On peut également expliquer cette pénurie par une baisse de l’attractivité des métiers de la vente auprès des jeunes au profit du marketing, du monde de la finance, des métiers des cabinets de conseil, etc. Les écoles de commerce ne forment pas forcément des commerciaux purs et durs. Il faut peut-être faire le marketing des métiers de la vente pour qu’ils puissent séduire à nouveau.
D’un autre côté, il faut rappeler que les porteurs de projet qui se lancent dans l’aventure entrepreneuriale doivent se mettre à la vente pour faire décoller leur startup. Les Sales permettent également de belles évolutions de carrière. On voit aujourd’hui de plus en plus de profils commerciaux arriver à des postes dans la Direction Générale dans les grands groupes, ce qui n’était pas forcément le cas avant.
Au-delà de la rémunération, que peuvent faire les entreprises pour attirer les talents commerciaux et les fidéliser ?
La rémunération reste bien entendu un élément clé pour attirer et fidéliser, mais elle n’est pas la seule.

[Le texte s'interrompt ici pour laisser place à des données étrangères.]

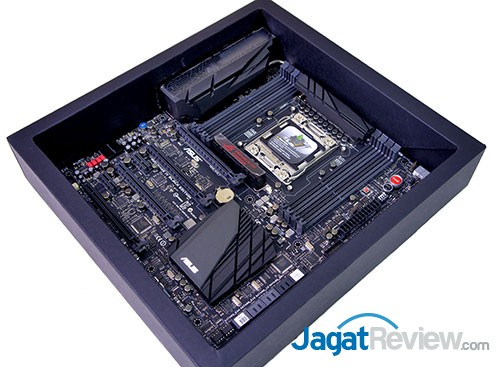 Preview ASUS Rampage IV Black Edition 6 SDSC03402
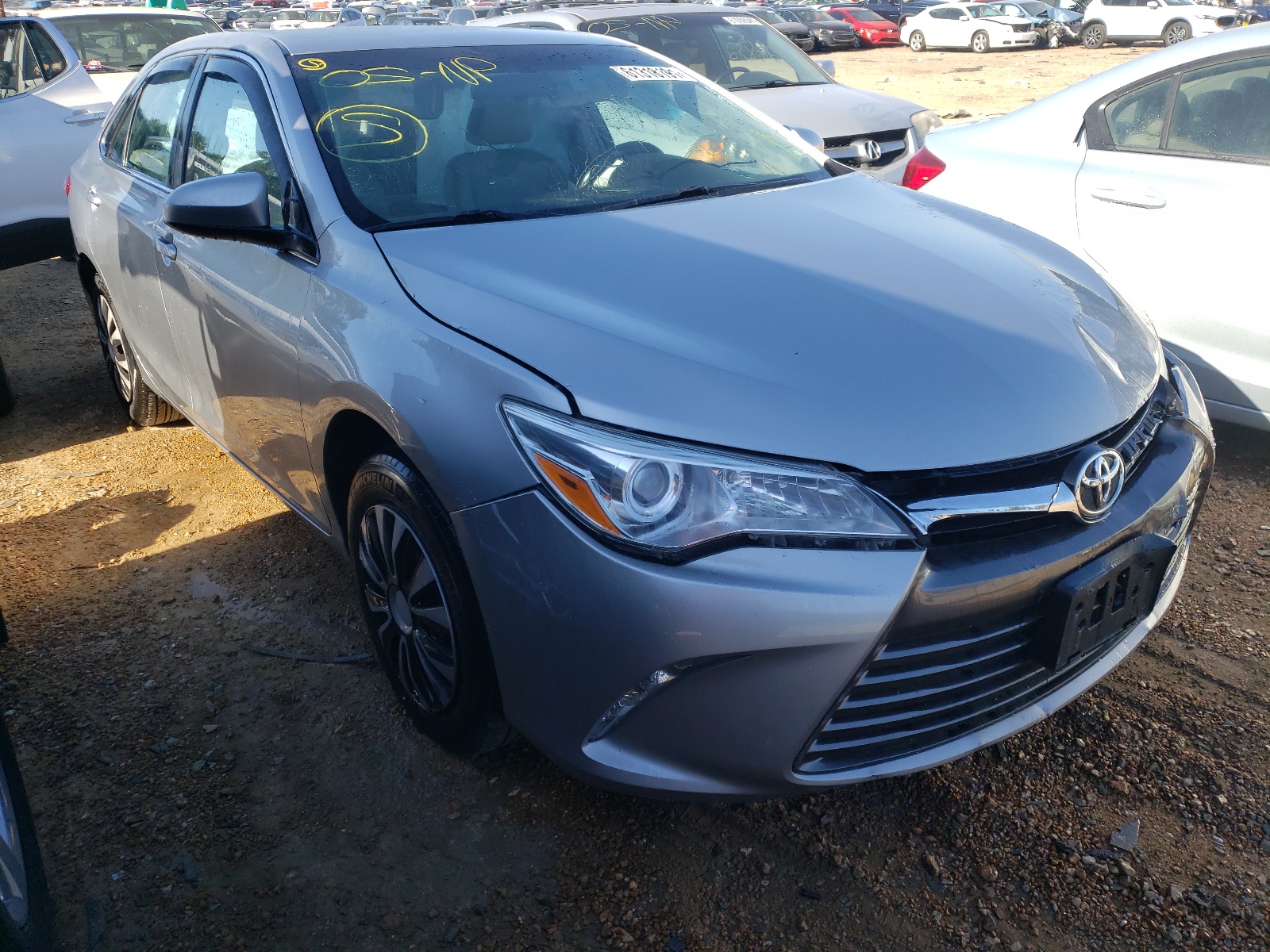 TOYOTA CAMRY LE 2017 with VIN 4T1BF1FK5HU320789 - Photo from auction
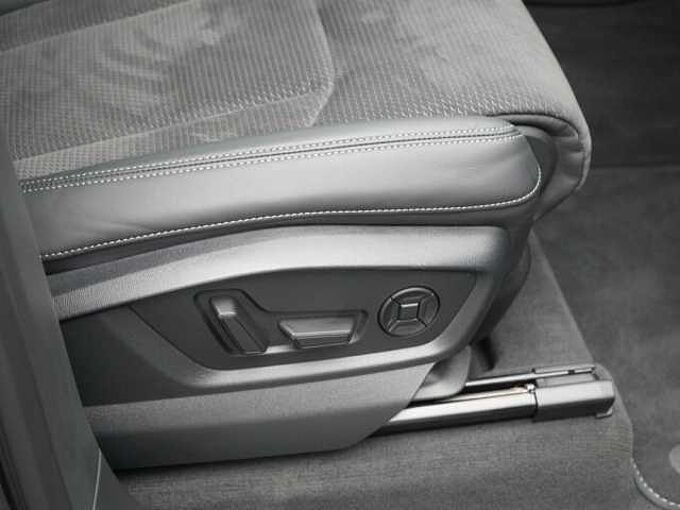 Audi Q7 quattro S line ACC AHK NAVI B&O PANO LEDER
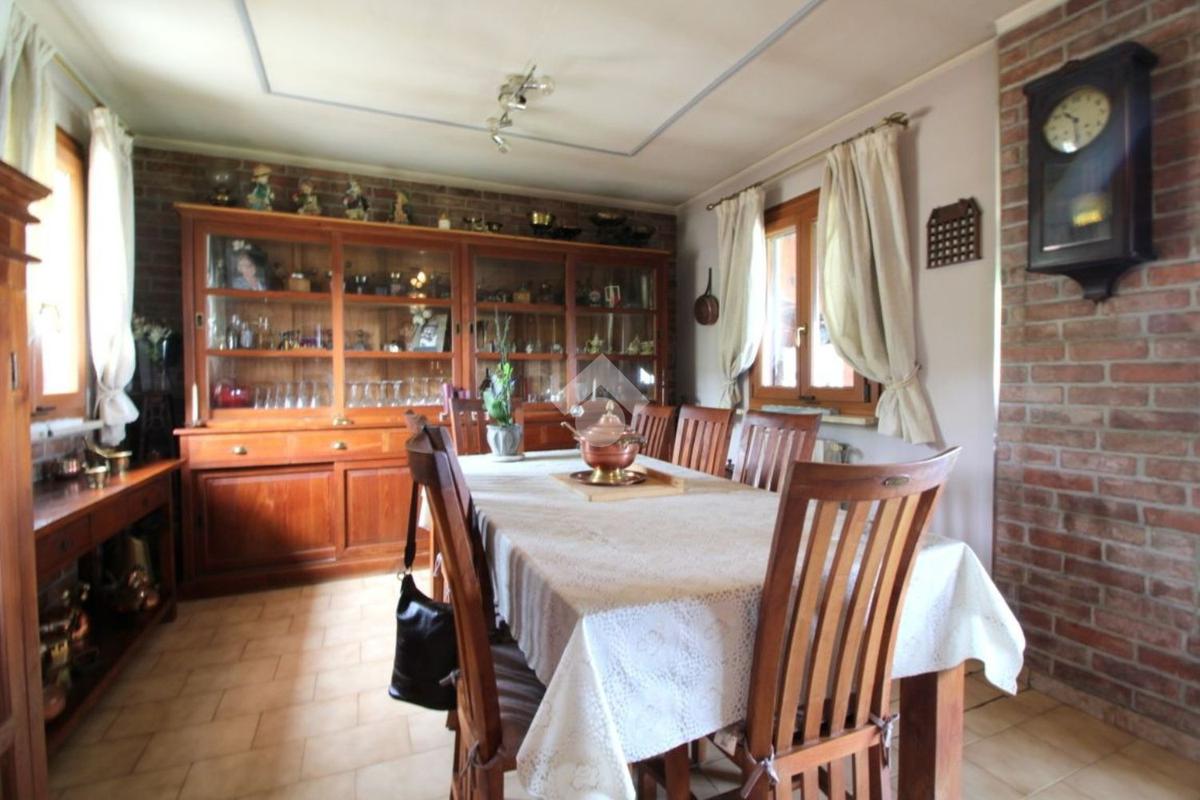 Dom z ponad 2 hektarami ziemi w Monastero Bormida – Piemont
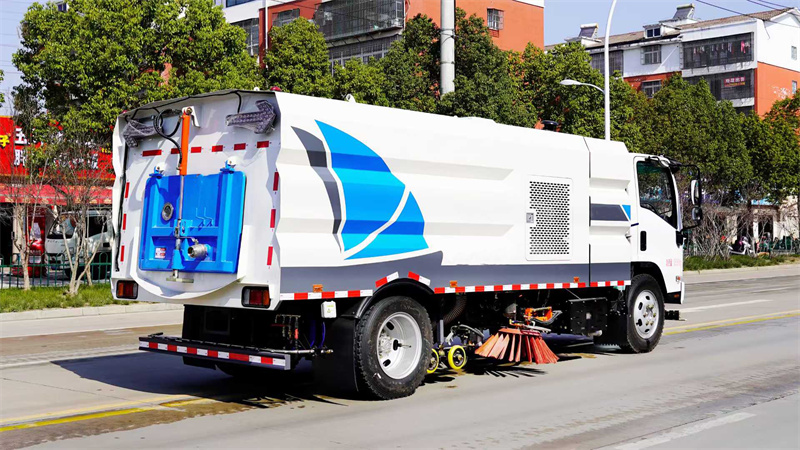 9方五十铃道路洗扫车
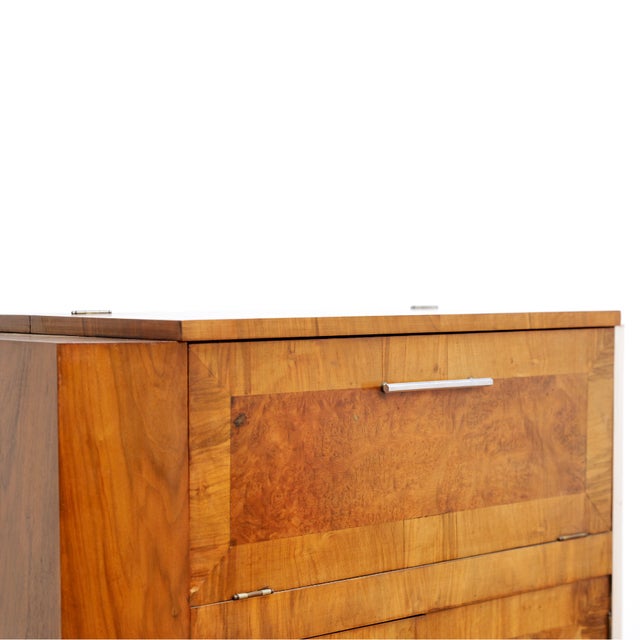 1950s English Walnut & Burl Dry Bar Liquor Cabinet For Sale - Image 11 of 15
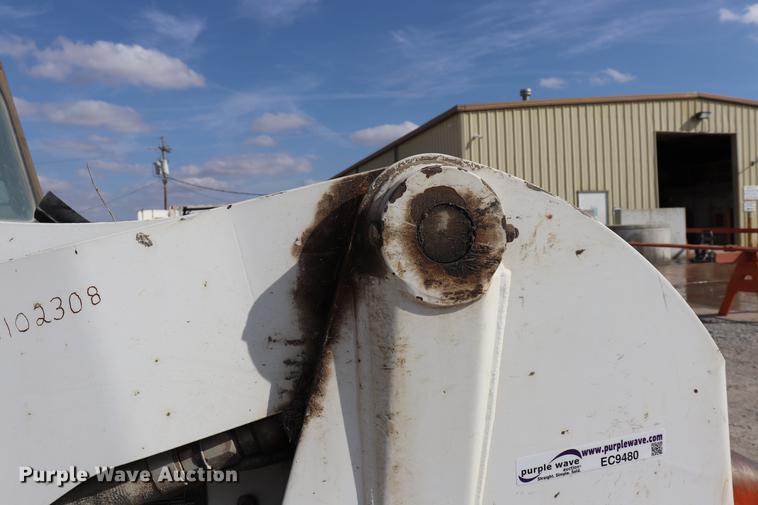 image for item EC9480 2004 Bobcat T250 skid steer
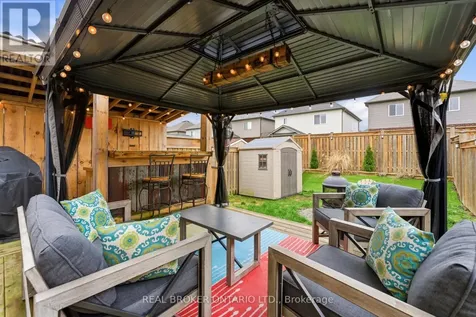 6 Freer Drive North Dumfries ON N0B 1E0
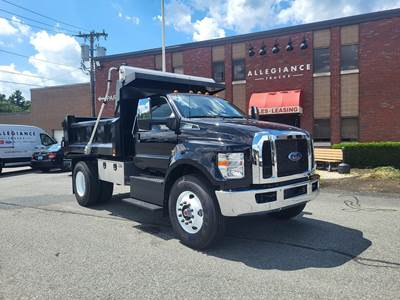 Ford F-650 XL Single Axle Dump Truck - Automatic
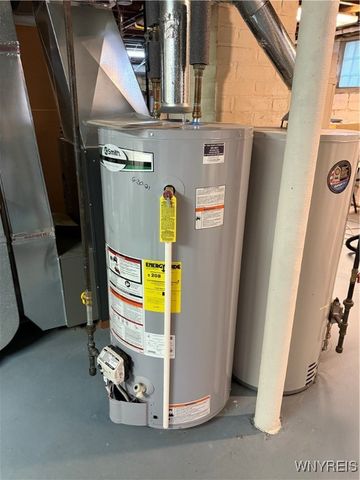 146 Chamberlin Drive, West Seneca, NY 14210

On se rend compte que le bien-être en entreprise a pris beaucoup d’ampleur, notamment après la pandémie.
Aussi, l’émergence assez soudaine de la vente à distance a accentué cette attente de flexibilité du lieu de travail chez les commerciaux. Aujourd’hui, on imagine mal un commercial faisant de la vente à distance être démarché par une entreprise qui ne propose pas cette option. On parle aussi de formation et d’accompagnement, à fortiori lorsque les profils n’ont pas forcément un parcours purement commercial. Il y a également le levier des BSPCE (instruments permettant au salarié de souscrire ultérieurement des actions de la société à un prix préalablement convenu, ndlr).
Quels sont, selon vous, les trois facteurs majeurs qui ont bouleversé la pratique des Sales lors des 10 dernières années ?
La digitalisation de la vente a permis aux commerciaux de rencontrer jusqu’à cinq prospects ou clients dans la journée. Quand vous êtes commercial terrain à Paris, la moyenne se situe plutôt à un rendez-vous le matin, puis un autre l’après-midi. La vente à distance a donc profité à la productivité des commerciaux.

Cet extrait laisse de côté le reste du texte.